The 2026 Adelaide Writers’ Week has been cancelled entirely. That’s because so many writers have pulled out over the festival’s decision to bar a Palestinian-Australian writer from participating.
The festival withdrew its invitation last week to author and lawyer Dr Randa Abdel-Fattah because it claimed that allowing her to take part would be “culturally insensitive” after the Bondi Beach attack. The Bondi Beach murderers were nothing to do with Palestinians. They were reportedly motivated by ‘ISIS ideology’ that despises Palestinian resistance and collaborates with Israel. Yet the Israel lobby has been desperately trying to use the attack to demonise Palestinians and their supporters even though the hero of the attack, who disarmed one of the gunmen, is a Muslim hailing from close to Palestine.

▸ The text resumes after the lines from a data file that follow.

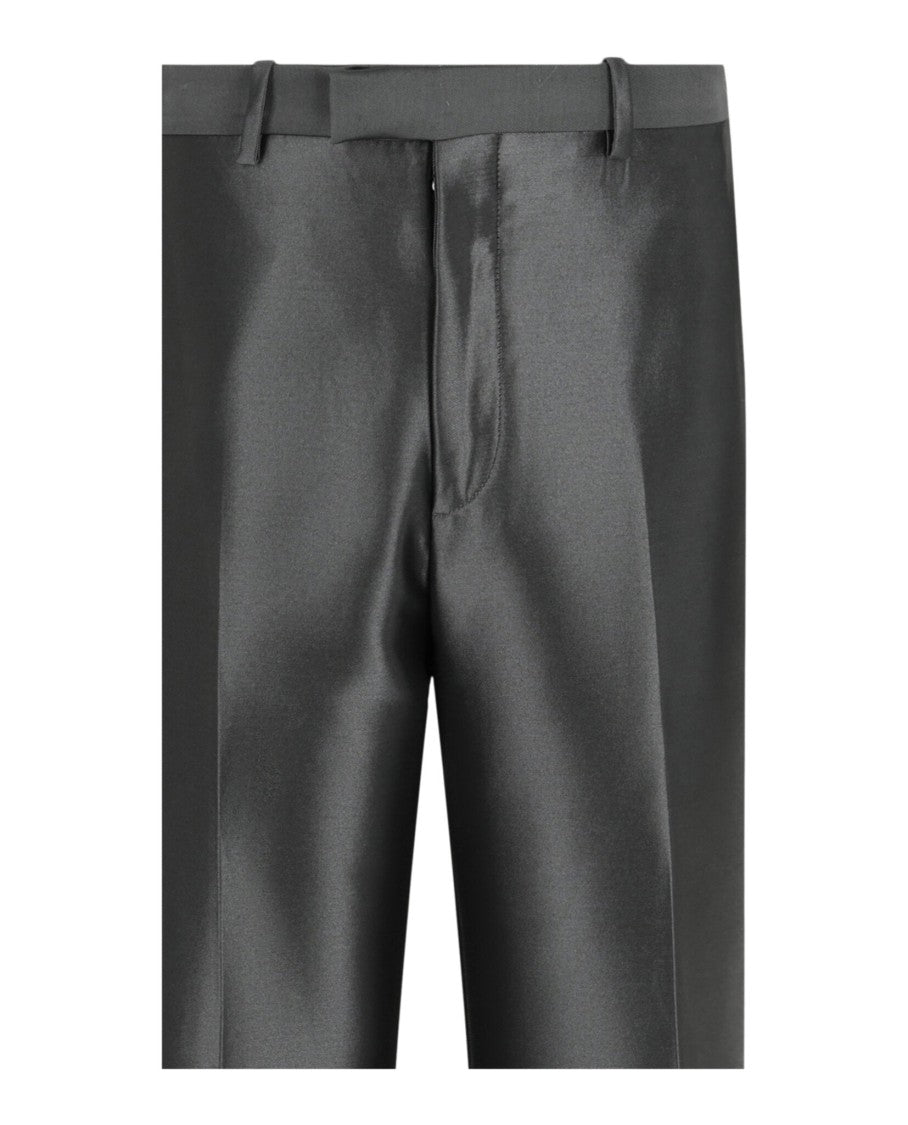 Ferragamo Mid Rise Metallic Sheen Tailored Trousers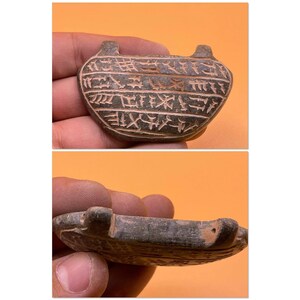 Wunderschöne uralte 3. Jahrhundert Alte Stein Inschrift Writting Amulett Nah Osten Alter Anhänger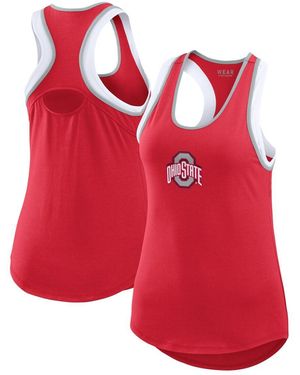 WEAR by Erin Andrews Ohio State Buckeyes Open Hole Razorback Tank Top - Red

Adelaide Writers Week: fuck around and find out
Dr Abdel-Fattah rightly condemned the decision to block her as:
a blatant and shameless act of anti-Palestinian racism and censorship and a despicable attempt to associate me with the Bondi massacre [that] has stripped me of my humanity and agency, reducing me to an object onto which others can project their racist fears and smears.
A number of other writers immediately withdrew from the festival in protest at Abdel-Fattah’s ban. Festival director and child of Holocaust survivors Louise Adler resigned saying she could not be party to the censorship. But now the whole event has been cancelled – and the rest of the board of the festival has resigned in disgrace – after over 180 writers – all but one of those scheduled to attend – pulled out.
Weasel words
The resigning board issued an apology – of sorts. But the apology was about the way the decision was viewed by others and still tried to justify the withdrawal of the invitation and pin the Bondi atrocity on Palestinians:
This is a deeply regrettable outcome. We recognise and deeply regret the distress this decision has caused to our audience, artists and writers, donors, corporate partners, the government and our own staff and people.
We also apologise to Dr Randa Abdel-Fattah for how the decision was represented and reiterate this is not about identity or dissent but rather a continuing rapid shift in the national discourse around the breadth of freedom of expression in our nation following Australia’s worst terror attack in history.
The weasel distinction was not lost on Abdel-Fattah, who publicly rejected the ‘apology’ via an Instagram post:
It is clear that the board’s regret extends to how the message of my cancellation was conveyed, not the decision itself.